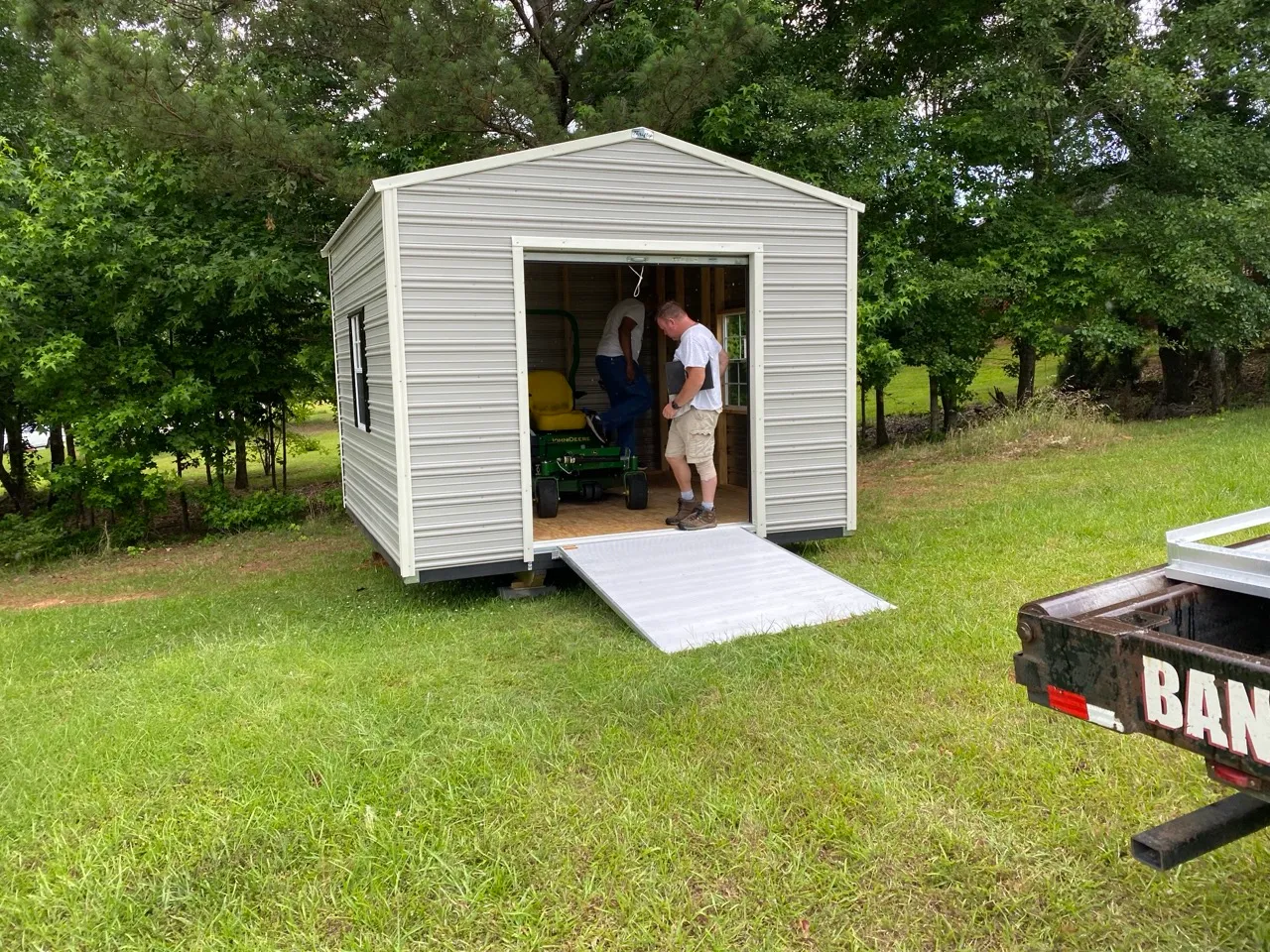 Aluminum shed delivery and installation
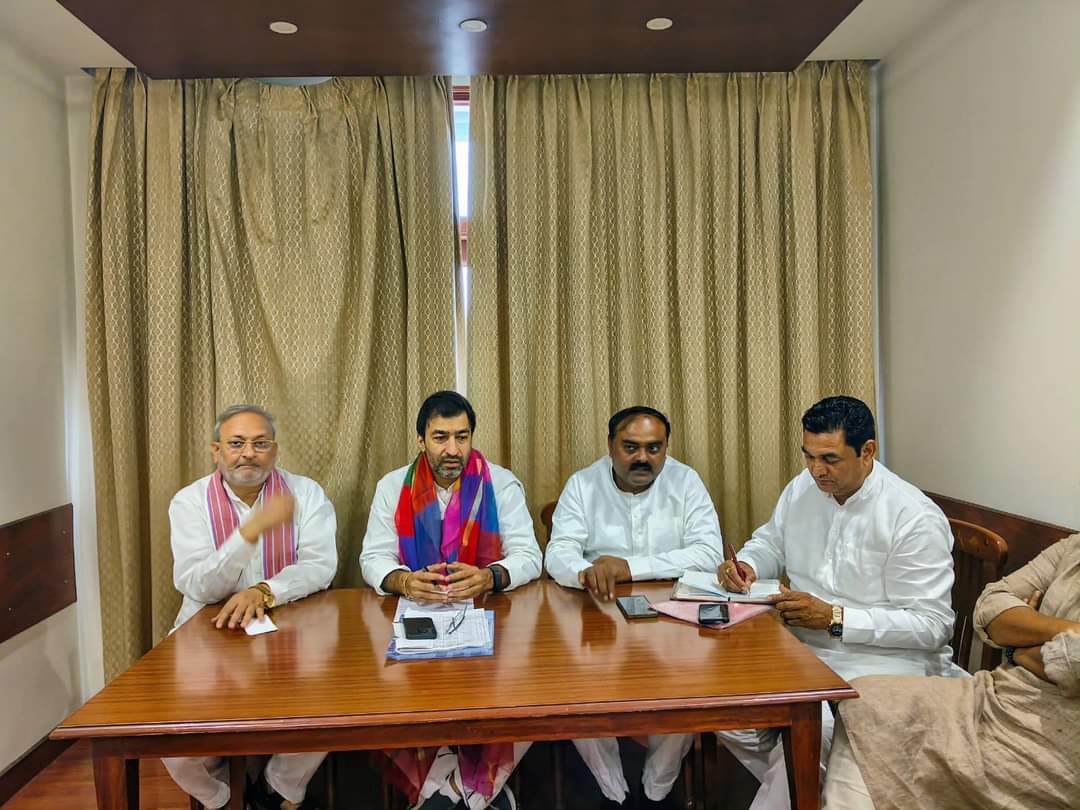ChKrishanChoker's tweet photo. आगामी विधानसभा चुनाव के निमित भाजपा पानीपत के प्रवासी प्रभारी MLC उत्तर प्रदेश श्री @MohitBeniwalBJP जी के साथ चुनाव में लगे विधानसभा प्रभारी,संयोजक एवं विस्तारको की बैठक ली।

बैठक में सभी से चर्चा कर आगामी विधानसभा चुनाव हेतु रणनीति बनाई। https://t.co/rpHaM8TI2u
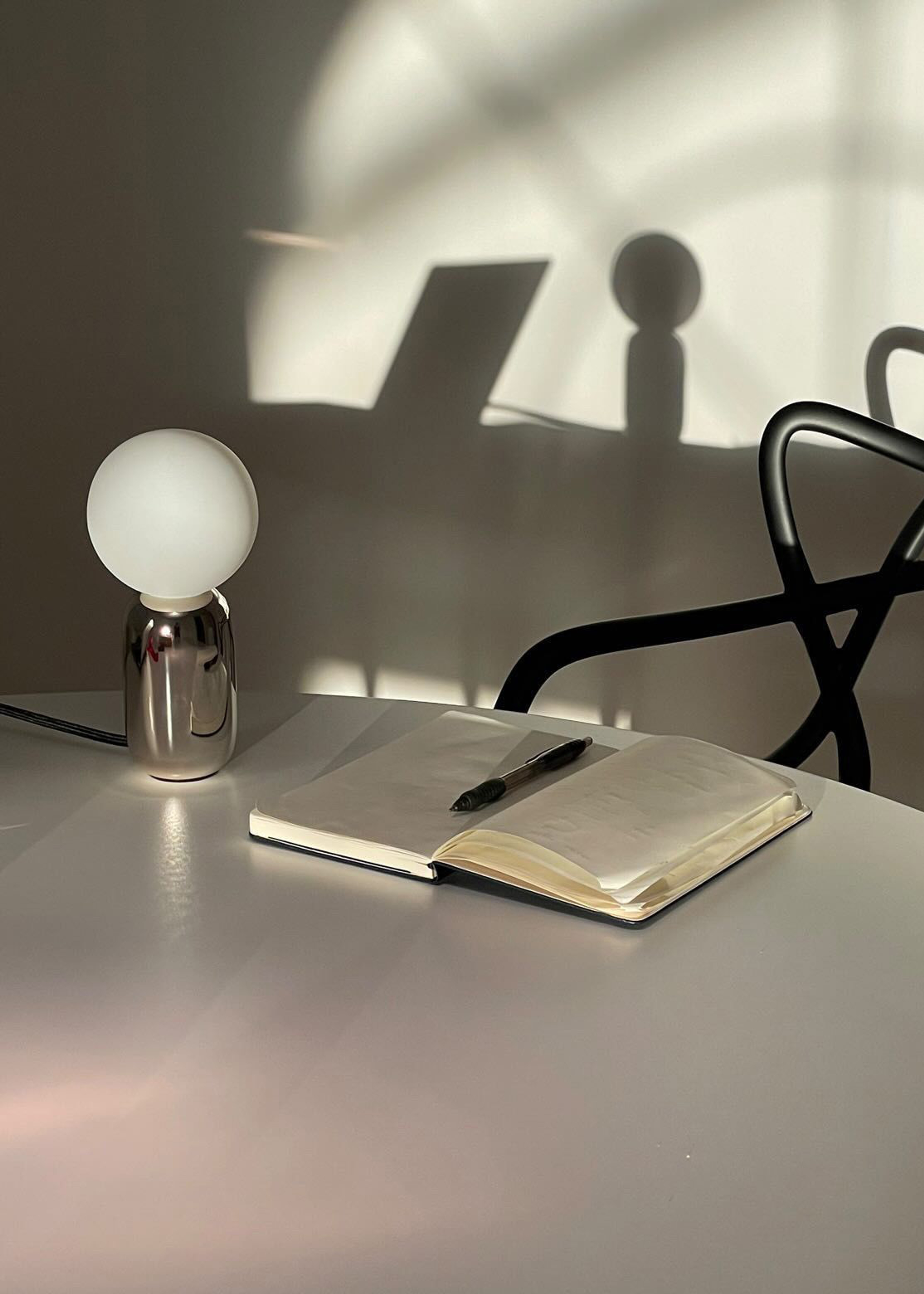 Bubble lamp in silver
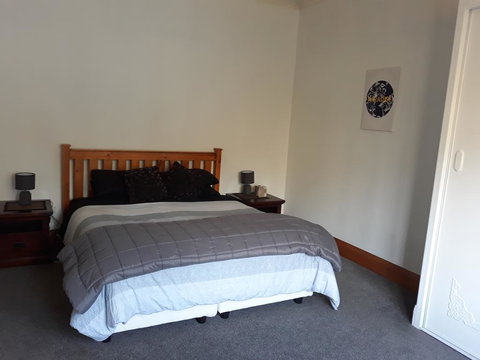 St Clair Holiday House - Tourism Bookings NZ 3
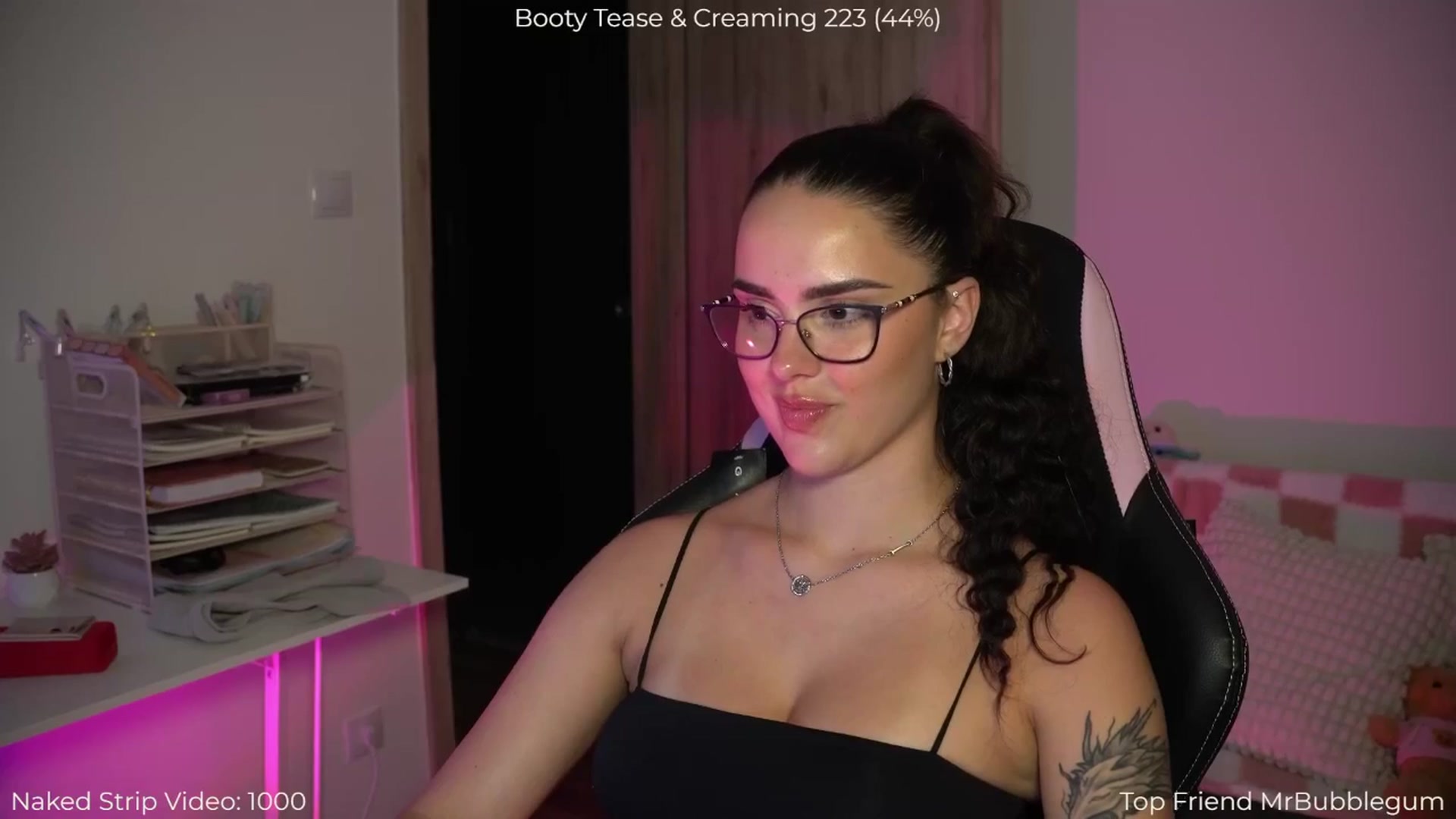 Gallery image thumbnail from NotYourNaomi's myfreecams stream on, 07/21/2025, 21:27 image 7 of 20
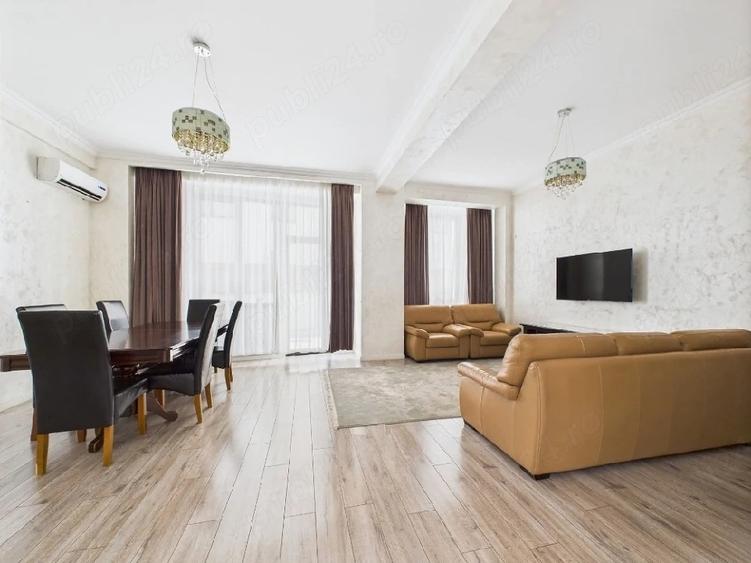 Apartament cu 3 camere semidecomandat în Dămăroaia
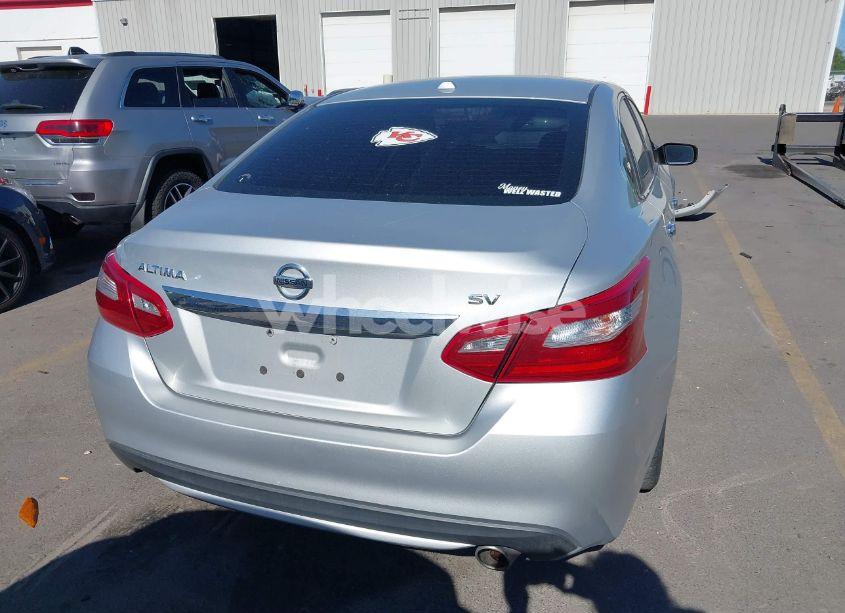Photo 16 of 2018 Nissan Altima 2.5 SV (VIN 1N4AL3AP7JC111627)
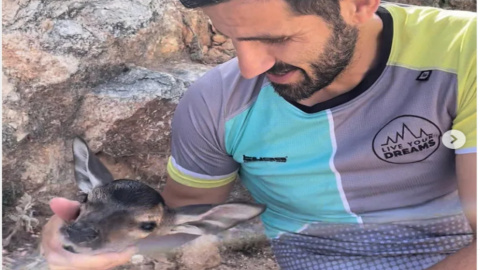 Nacho Mingo con un ciervo. Nacho Mingo con un ciervo.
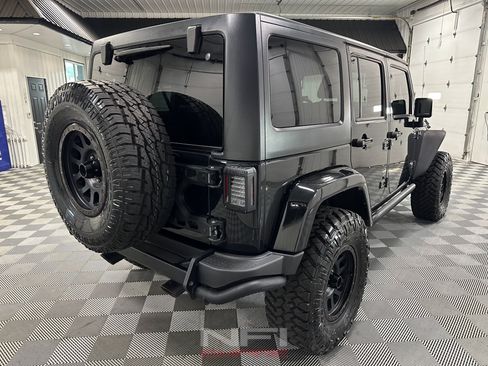Used 2016 Jeep Wrangler Unlimited Sahara AWD/4WD image 8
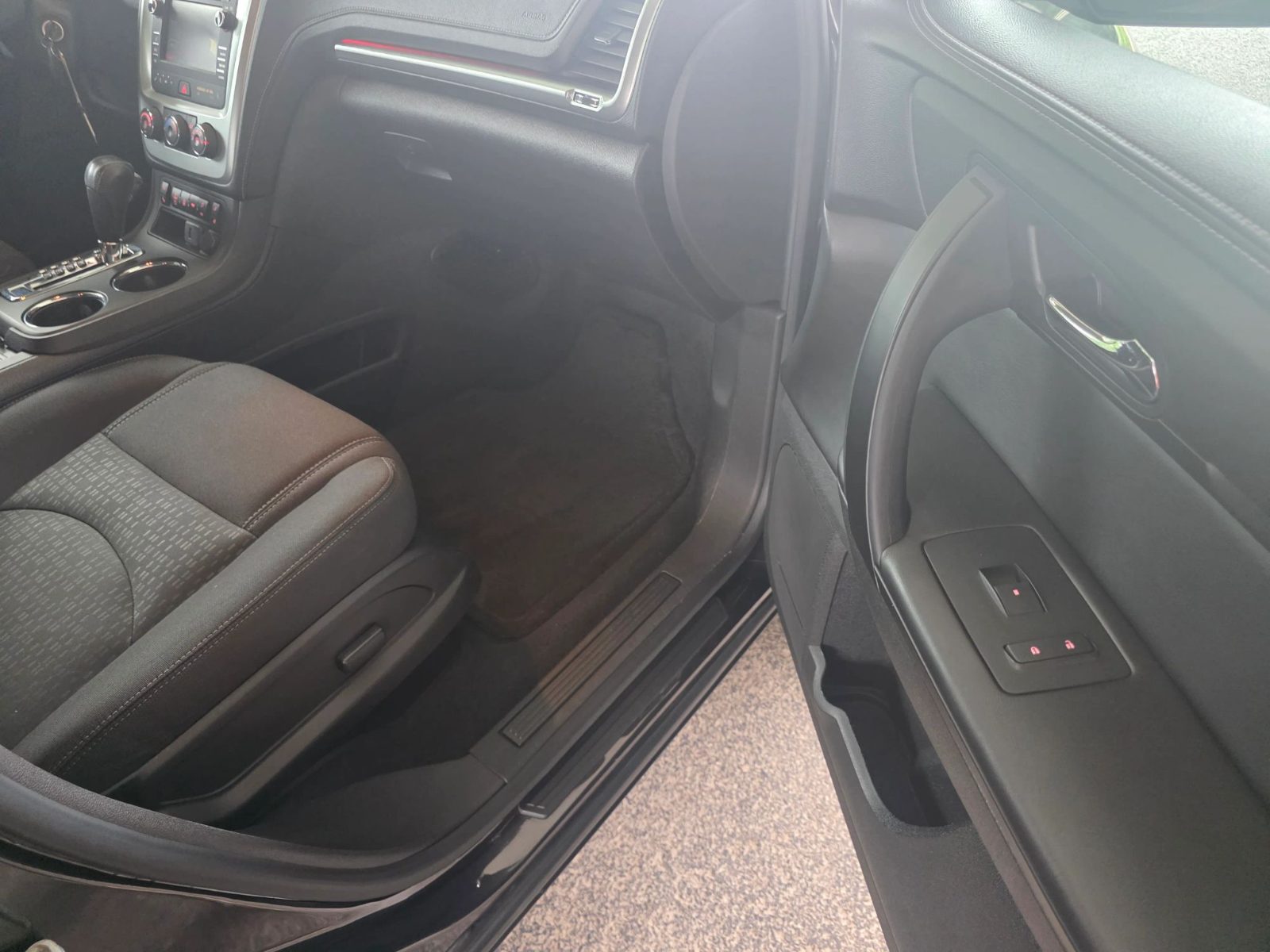 Gmc Acadia photo 15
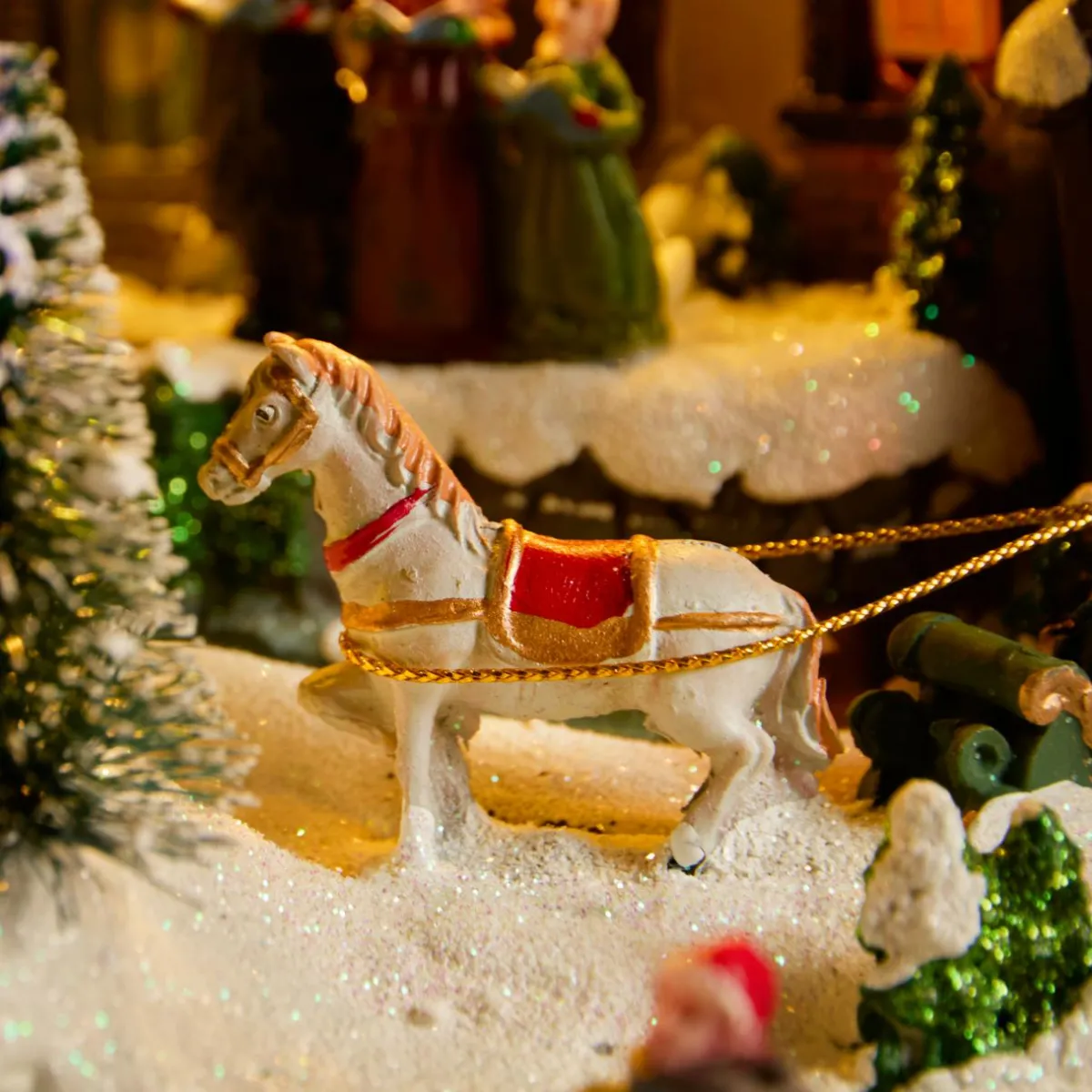 KAEMINGK Village de Noël lumineux et musical Ville festive et Chemin de fer Discount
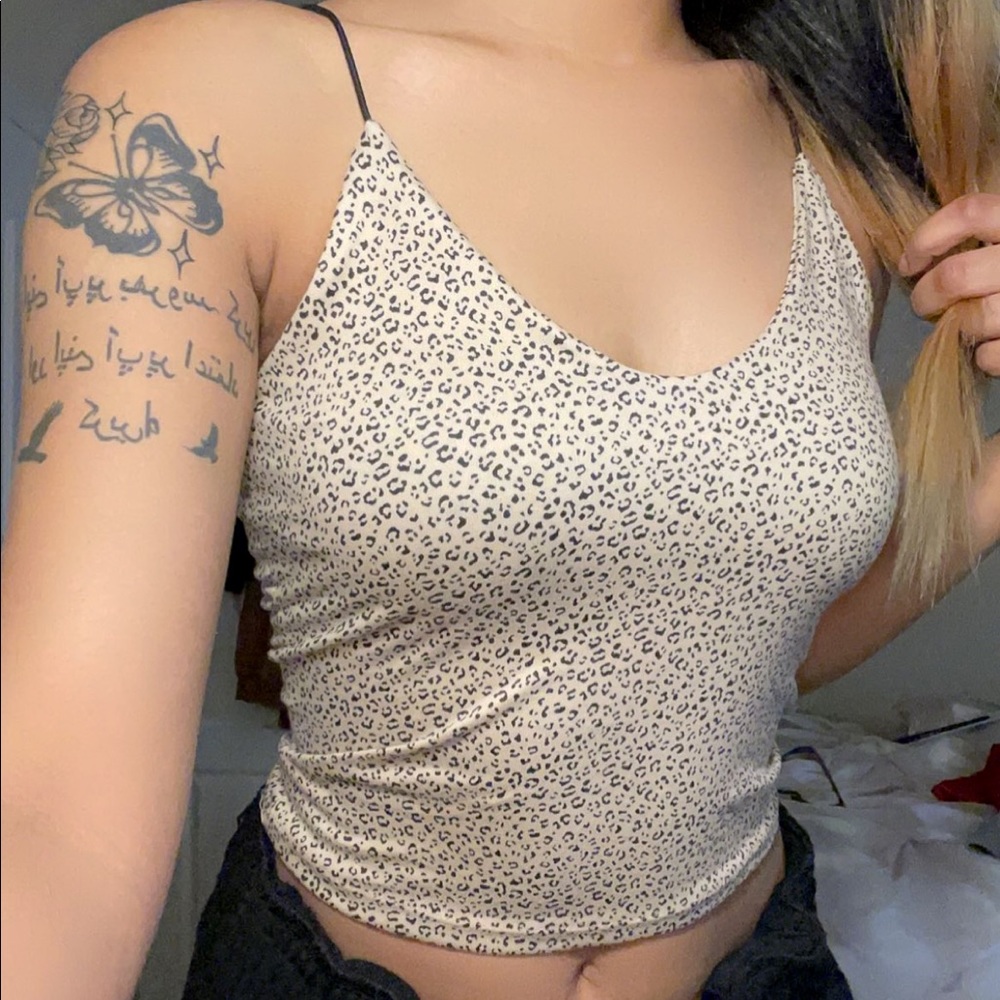 Cute Tillys tank top super stretchy n comfy never worn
━━━━━━━━━━
**Problem**
Word for word and without pictures, please write out only the lines from the start of the entries through the line containing "Gallery image thumbnail", both included.

**Reply**
 Aluminum shed delivery and installation
ChKrishanChoker's tweet photo. आगामी विधानसभा चुनाव के निमित भाजपा पानीपत के प्रवासी प्रभारी MLC उत्तर प्रदेश श्री @MohitBeniwalBJP जी के साथ चुनाव में लगे विधानसभा प्रभारी,संयोजक एवं विस्तारको की बैठक ली।

बैठक में सभी से चर्चा कर आगामी विधानसभा चुनाव हेतु रणनीति बनाई। https://t.co/rpHaM8TI2u
 Bubble lamp in silver
 St Clair Holiday House - Tourism Bookings NZ 3
 Gallery image thumbnail from NotYourNaomi's myfreecams stream on, 07/21/2025, 21:27 image 7 of 20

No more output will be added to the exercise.